Message #8 received at 45925 <at> debbugs.gnu.org (full text, mbox):
Note with emacs-version "27.1" these certain old messages that have been
sitting in my *Summary* buffer for years suddenly have got their Subject
garbled. (Fine though in *Article* buffer.)
Information forwarded
to
bug-gnu-emacs <at> gnu.org, bugs <at> gnus.org
:
bug#45925
; Package
emacs,gnus
.
(Tue, 19 Jan 2021 05:31:02 GMT)
Full text and
rfc822 format available.
Message #11 received at 45925 <at> debbugs.gnu.org (full text, mbox):
積丹尼 Dan Jacobson <jidanni <at> jidanni.org> writes:
> Try this simple experiment:
> $ echo Subject: 一二三|procmail
> $ echo Subject: 一二三|iconv -t big5|procmail
I don't have procmail installed, so I'm not sure what these do -- are
you sending a mail (to yourself?) here? Do you have a recipe to
reproduce this problem without the use of procmail?
> $ emacs -f gnus
>
> In the *Article* buffer, both look like
> Subject: 一二三
> In the *Summary* buffer so does the big5 version.
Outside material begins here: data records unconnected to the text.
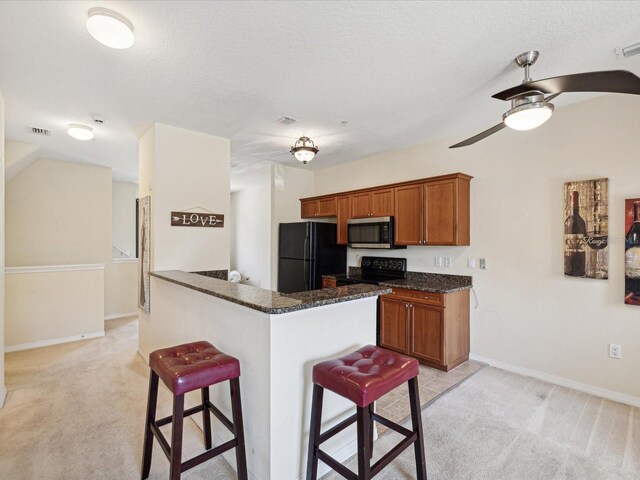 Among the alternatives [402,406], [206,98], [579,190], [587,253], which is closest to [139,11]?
[206,98]

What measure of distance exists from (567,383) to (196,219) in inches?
162

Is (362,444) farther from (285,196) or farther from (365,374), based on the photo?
(285,196)

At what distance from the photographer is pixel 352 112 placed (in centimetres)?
305

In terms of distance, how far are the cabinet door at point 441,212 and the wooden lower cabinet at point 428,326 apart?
0.65 metres

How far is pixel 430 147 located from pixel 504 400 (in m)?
2.90

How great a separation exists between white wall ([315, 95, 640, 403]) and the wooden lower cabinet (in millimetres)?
264

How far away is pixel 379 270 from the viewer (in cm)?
449

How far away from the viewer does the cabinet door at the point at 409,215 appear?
3.76 meters

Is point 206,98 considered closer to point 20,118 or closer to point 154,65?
point 154,65

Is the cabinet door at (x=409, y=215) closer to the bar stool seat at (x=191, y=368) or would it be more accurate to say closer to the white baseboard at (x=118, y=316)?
the bar stool seat at (x=191, y=368)

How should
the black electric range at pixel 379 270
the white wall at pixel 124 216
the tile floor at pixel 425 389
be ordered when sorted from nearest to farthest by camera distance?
the tile floor at pixel 425 389
the black electric range at pixel 379 270
the white wall at pixel 124 216

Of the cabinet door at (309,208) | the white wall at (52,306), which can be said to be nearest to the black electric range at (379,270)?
the cabinet door at (309,208)

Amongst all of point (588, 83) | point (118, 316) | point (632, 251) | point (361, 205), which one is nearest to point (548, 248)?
point (632, 251)

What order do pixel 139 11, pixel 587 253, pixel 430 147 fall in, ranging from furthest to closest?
pixel 430 147 → pixel 587 253 → pixel 139 11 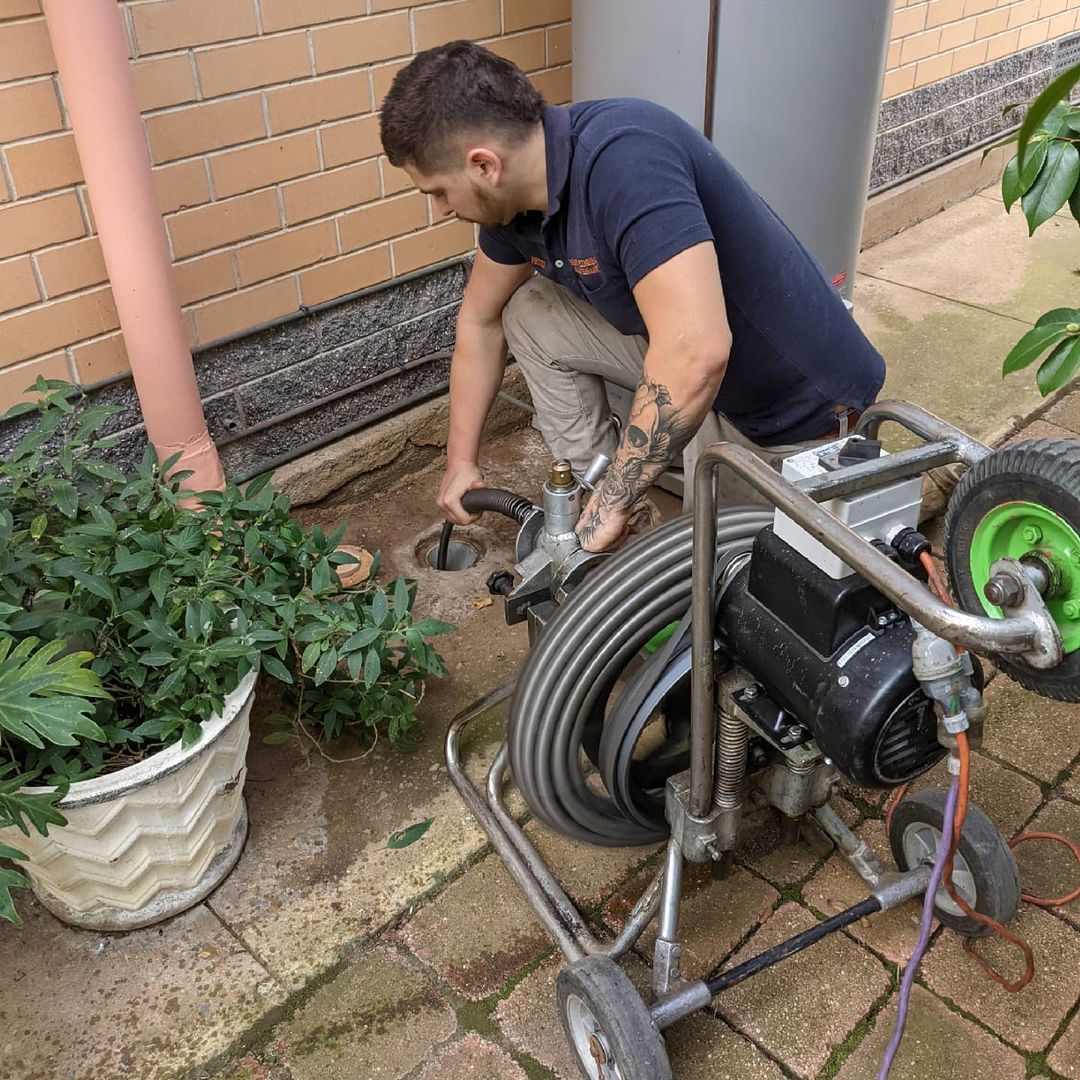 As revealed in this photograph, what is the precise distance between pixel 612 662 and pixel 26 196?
1736 mm

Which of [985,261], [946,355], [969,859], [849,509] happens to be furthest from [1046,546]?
[985,261]

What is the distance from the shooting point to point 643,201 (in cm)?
202

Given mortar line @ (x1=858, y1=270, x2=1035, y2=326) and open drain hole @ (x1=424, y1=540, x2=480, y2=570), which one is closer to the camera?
open drain hole @ (x1=424, y1=540, x2=480, y2=570)

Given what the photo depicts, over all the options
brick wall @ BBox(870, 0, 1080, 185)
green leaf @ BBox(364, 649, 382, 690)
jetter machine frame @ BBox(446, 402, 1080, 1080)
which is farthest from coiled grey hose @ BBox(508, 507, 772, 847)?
brick wall @ BBox(870, 0, 1080, 185)

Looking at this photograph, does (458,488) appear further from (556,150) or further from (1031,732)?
(1031,732)

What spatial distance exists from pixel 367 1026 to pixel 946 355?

> Alas, the utf-8 version looks like
> c\x80\xd3....
>
> (Yes, these are illegal raw headers. But Gnus is supposed to be
> accommodating. And it does... but oddly not for the majority (UTF-8) case.)
[...]
> (Might be related to bug#45724.)
Is this still with nnml? If so, could you find the resulting lines in
the .overview files in the nnml directory and post them here? (Perhaps
after gzipping them to avoid Emacs helpfully re-encoding the lines.)
--
(domestic pets only, the antidote for overdose, milk.)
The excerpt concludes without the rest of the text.